• [TASK DETAILS]
Write out the lines below once more, exactly as they appear. Do not include pictures.

• [GIVEN ENTRIES]
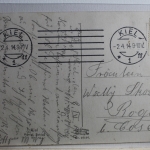 AK Kiel Königl. Schloss 1909 gebraucht #PD762
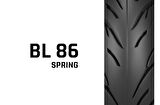 BİLLAS  3.00-10/TL  4PR 51J  BL086 SCOOTER DIŞ LASTİK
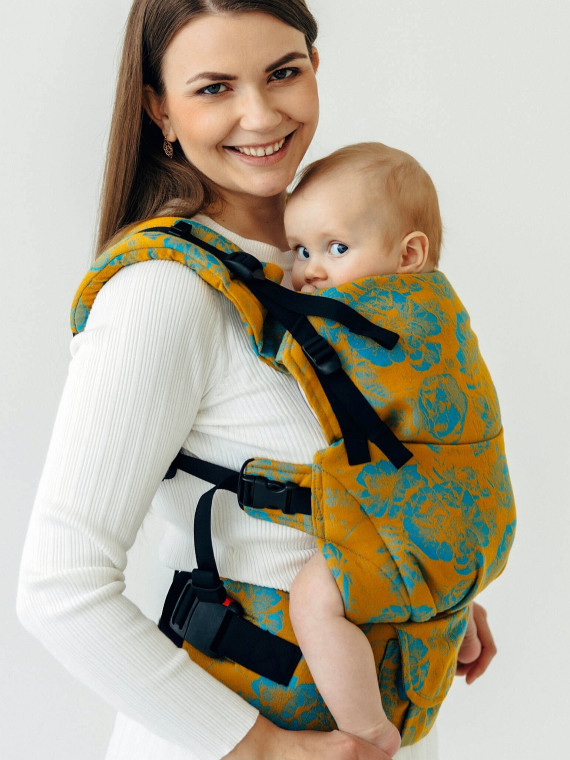 LennyUpGrade – adjustable ergonomic baby carrier from 3.5 to 20 kg
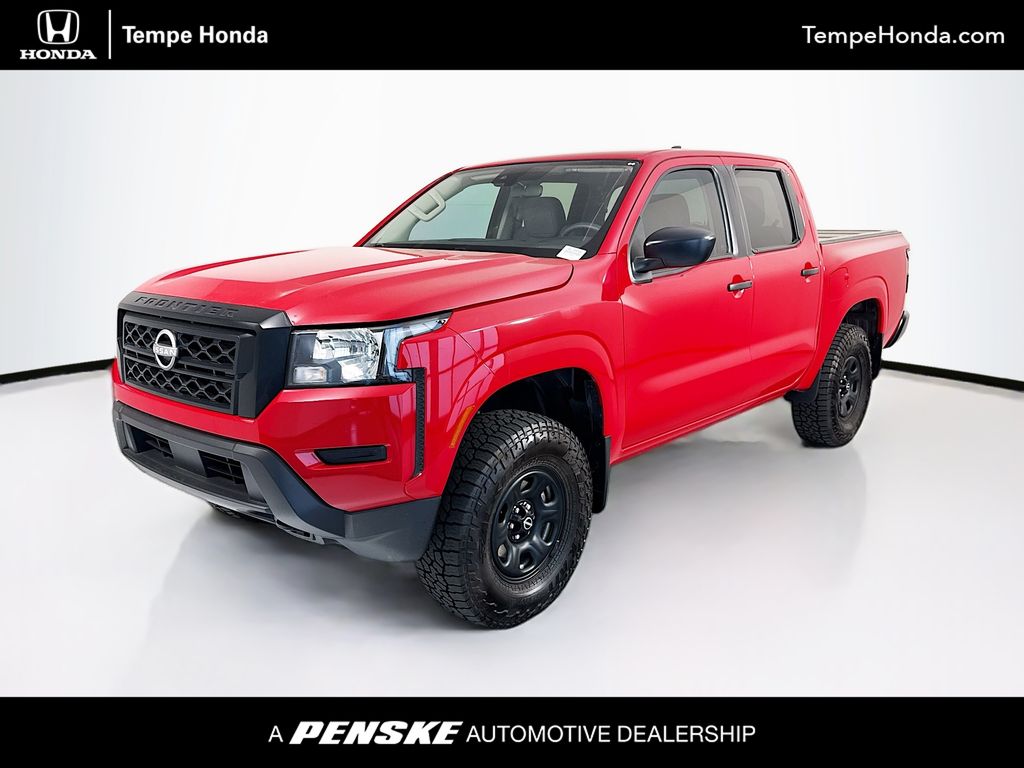 Thumbnail: 2022 Nissan Frontier - 1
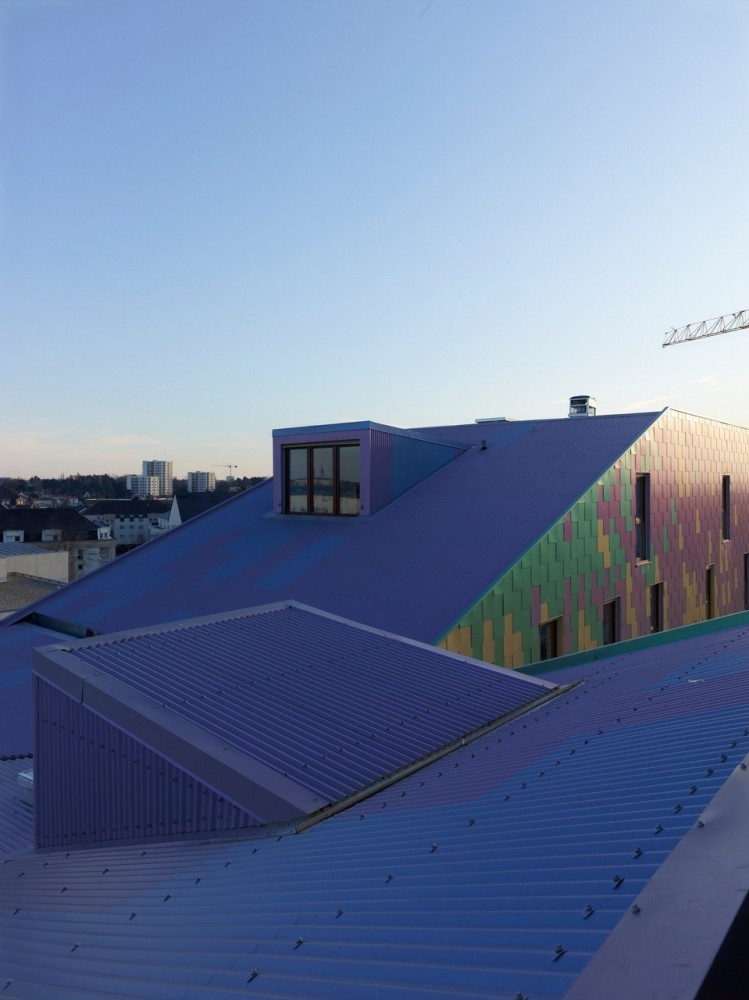 Roller Coaster / Peripheriques Architectes + BERRANGER & VINCENT Architectes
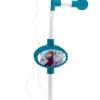 Frost Mikrofon Stand Med Højttaler Og Lydeffekter - Lexibook -Legetøjsland lexibook frozen microphone with luminous stand built in speaker sound 534419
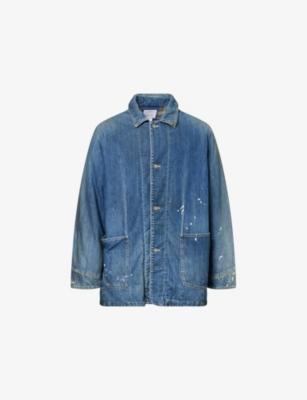 Coverall Down-Padded Denim Jacket by VISVIM
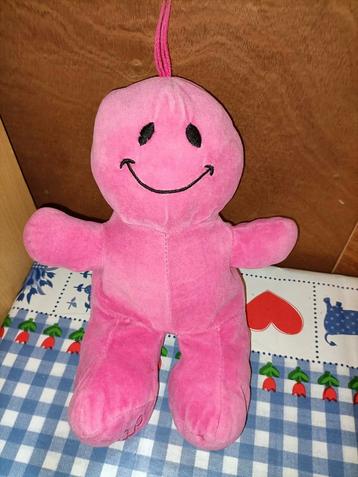 Roze Daatje knuffel grote versie daatjes da drogist 28 cm  beschikbaar voor biedingen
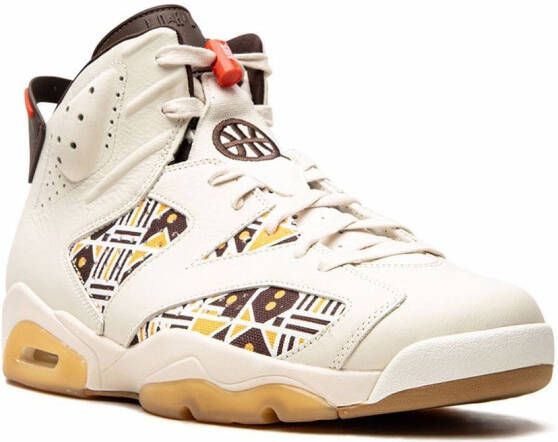 Jordan "Air 6 Quai 54 sneakers" Wit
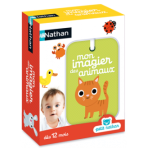 Jeux d'Eveil pour enfants - MON IMAGIER DES ANIMAUX - Livraison rapide Tunisie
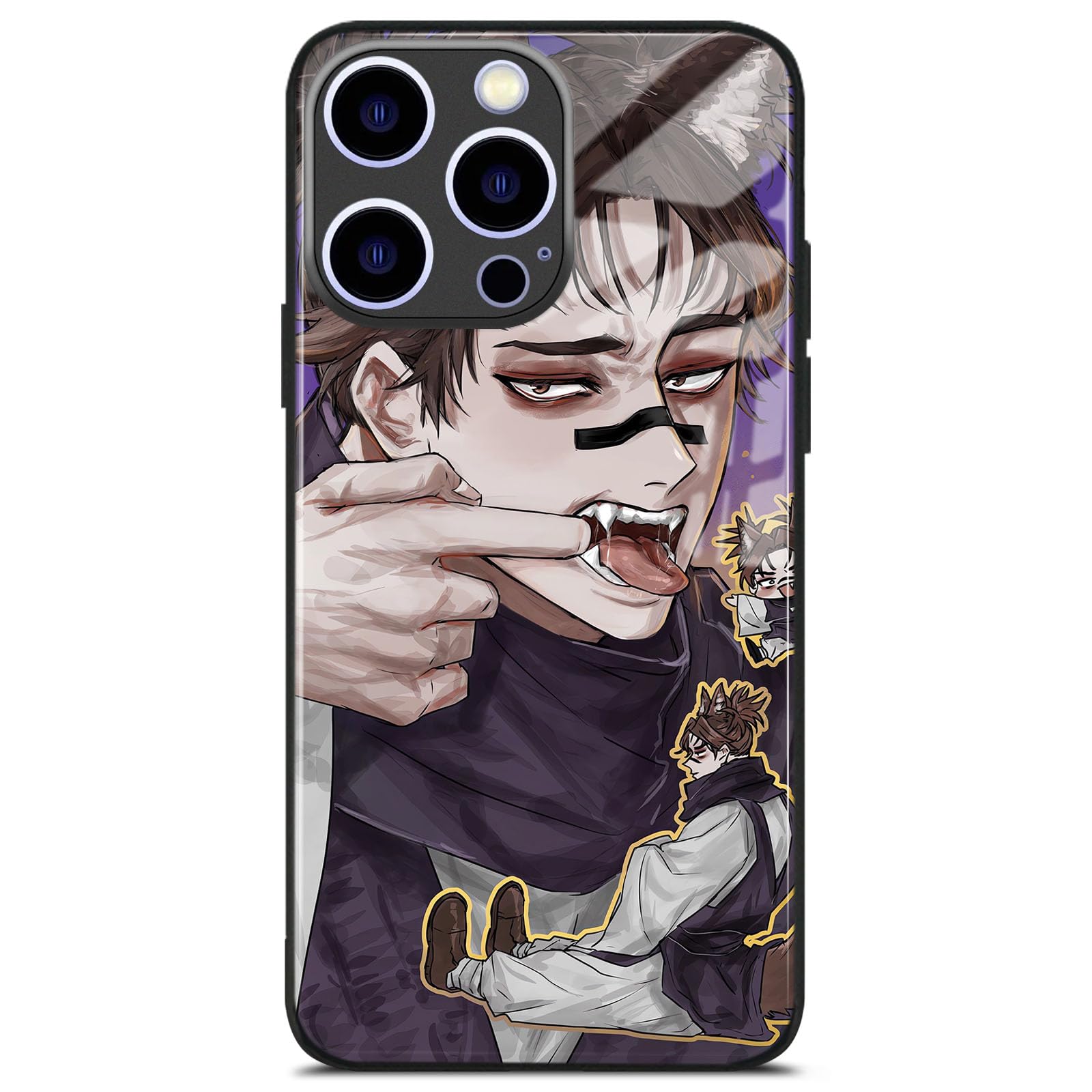 jksI♡ Amazon.com: Akatxezy Choso JJK Anime Phone Case - Manga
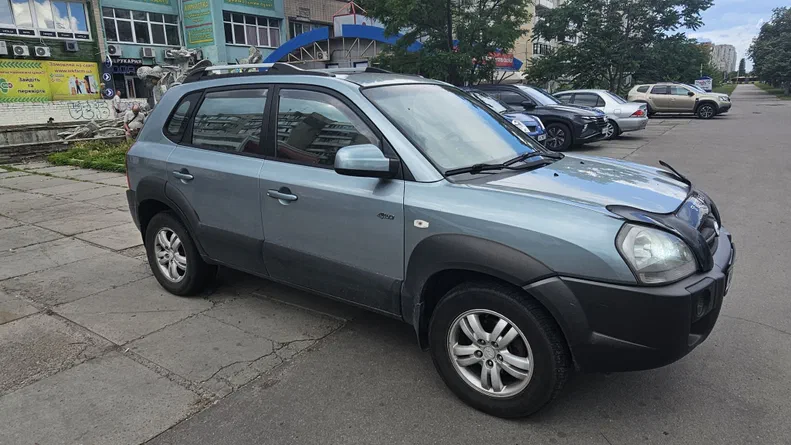 Hyundai Tucson 2007 - 16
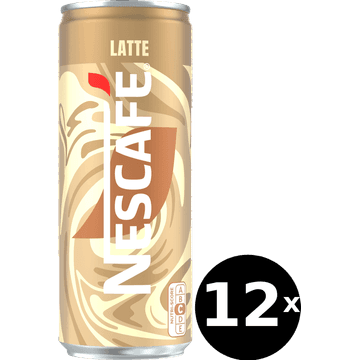 Nescafé Latte ijskoffie 12 x 250 ml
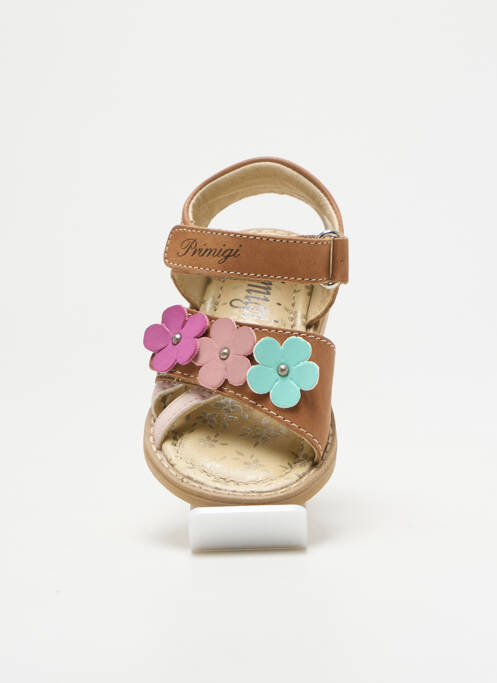 Sandales/Nu pieds marron PRIMIGI pour fille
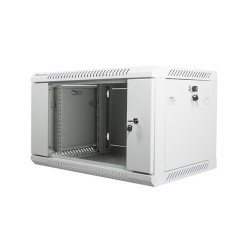 Lanberg WF01-6406-10S stojak 6U Szafa wisząca Szary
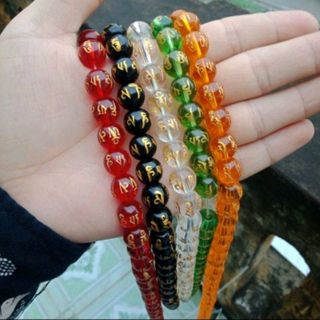 đá khắc chữ màu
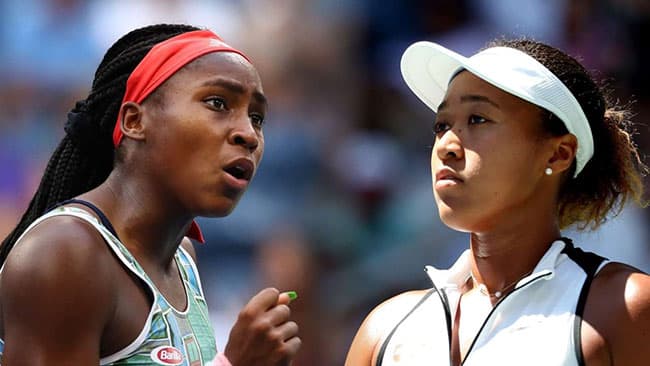 15-year-old Coco Gauff and defending champion Naomi Osaka set for US Open showdown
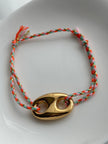PULSERA ESLABON HILO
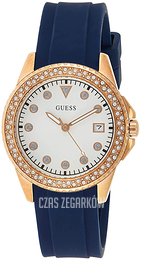 Guess Biały/Guma Ø36 mm W1236L2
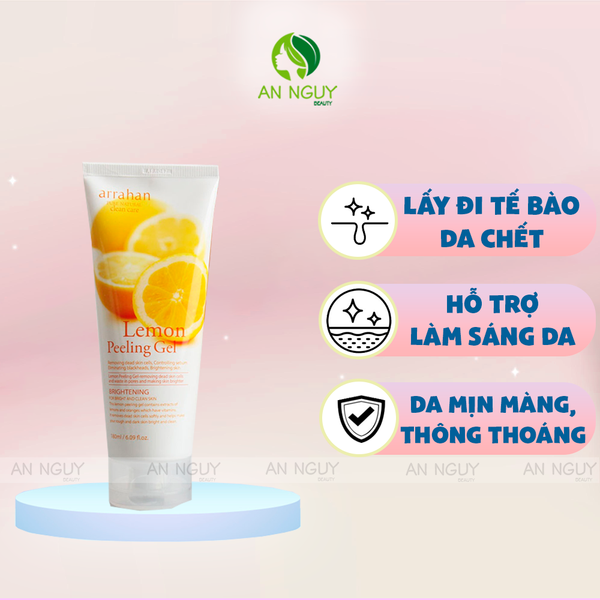 Gel Tẩy Tế Bào Chết Arrahan Peeling Gel 180ml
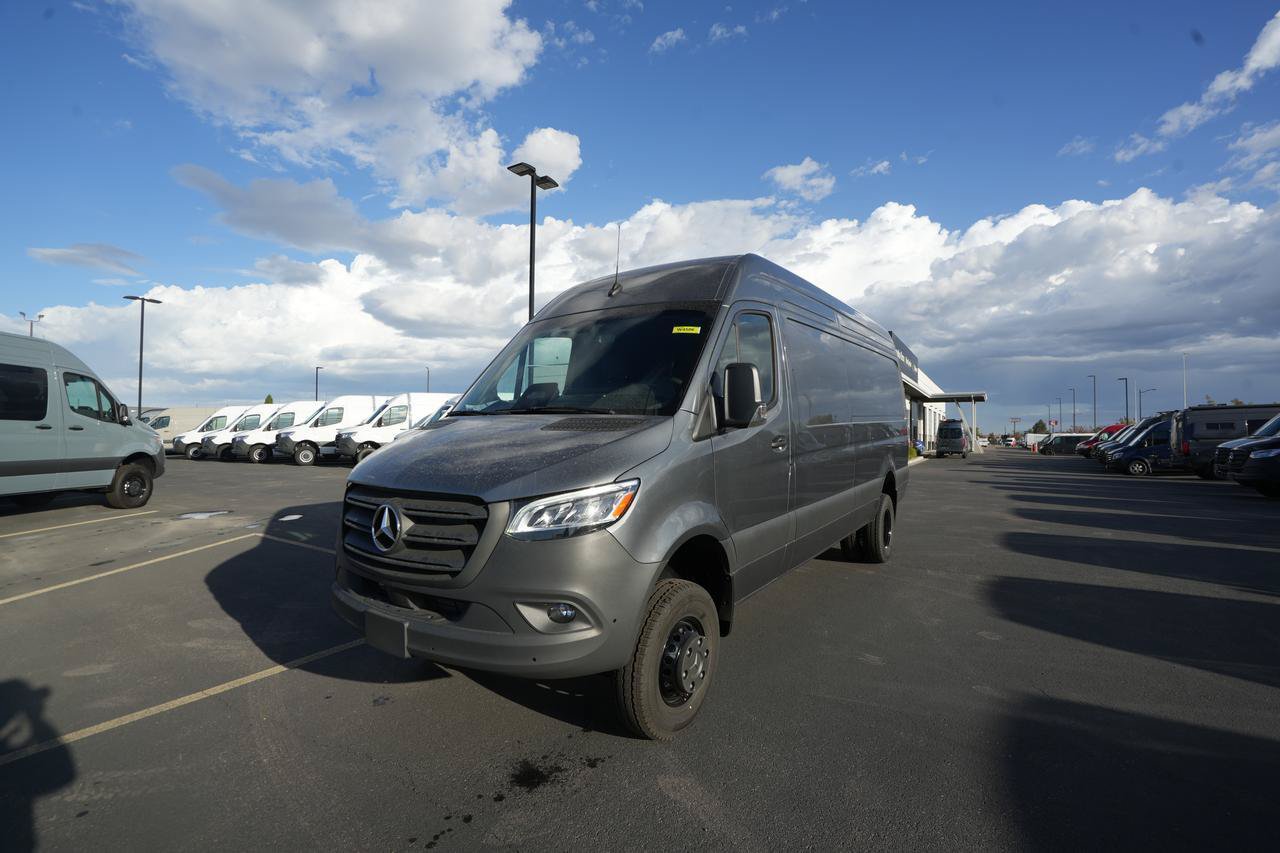 New 2026 Mercedes-Benz Sprinter 3500 image 1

• [ANSWER BELOW]
 AK Kiel Königl. Schloss 1909 gebraucht #PD762
 BİLLAS  3.00-10/TL  4PR 51J  BL086 SCOOTER DIŞ LASTİK
 LennyUpGrade – adjustable ergonomic baby carrier from 3.5 to 20 kg
 Thumbnail: 2022 Nissan Frontier - 1
 Roller Coaster / Peripheriques Architectes + BERRANGER & VINCENT Architectes
 Frost Mikrofon Stand Med Højttaler Og Lydeffekter - Lexibook -Legetøjsland lexibook frozen microphone with luminous stand built in speaker sound 534419
 Coverall Down-Padded Denim Jacket by VISVIM
 Roze Daatje knuffel grote versie daatjes da drogist 28 cm  beschikbaar voor biedingen
 Jordan "Air 6 Quai 54 sneakers" Wit
 Jeux d'Eveil pour enfants - MON IMAGIER DES ANIMAUX - Livraison rapide Tunisie
 jksI♡ Amazon.com: Akatxezy Choso JJK Anime Phone Case - Manga
 Hyundai Tucson 2007 - 16
 Nescafé Latte ijskoffie 12 x 250 ml
 Sandales/Nu pieds marron PRIMIGI pour fille
 Lanberg WF01-6406-10S stojak 6U Szafa wisząca Szary
 đá khắc chữ màu
 15-year-old Coco Gauff and defending champion Naomi Osaka set for US Open showdown
PULSERA ESLABON HILO
 Guess Biały/Guma Ø36 mm W1236L2
 Gel Tẩy Tế Bào Chết Arrahan Peeling Gel 180ml
 New 2026 Mercedes-Benz Sprinter 3500 image 1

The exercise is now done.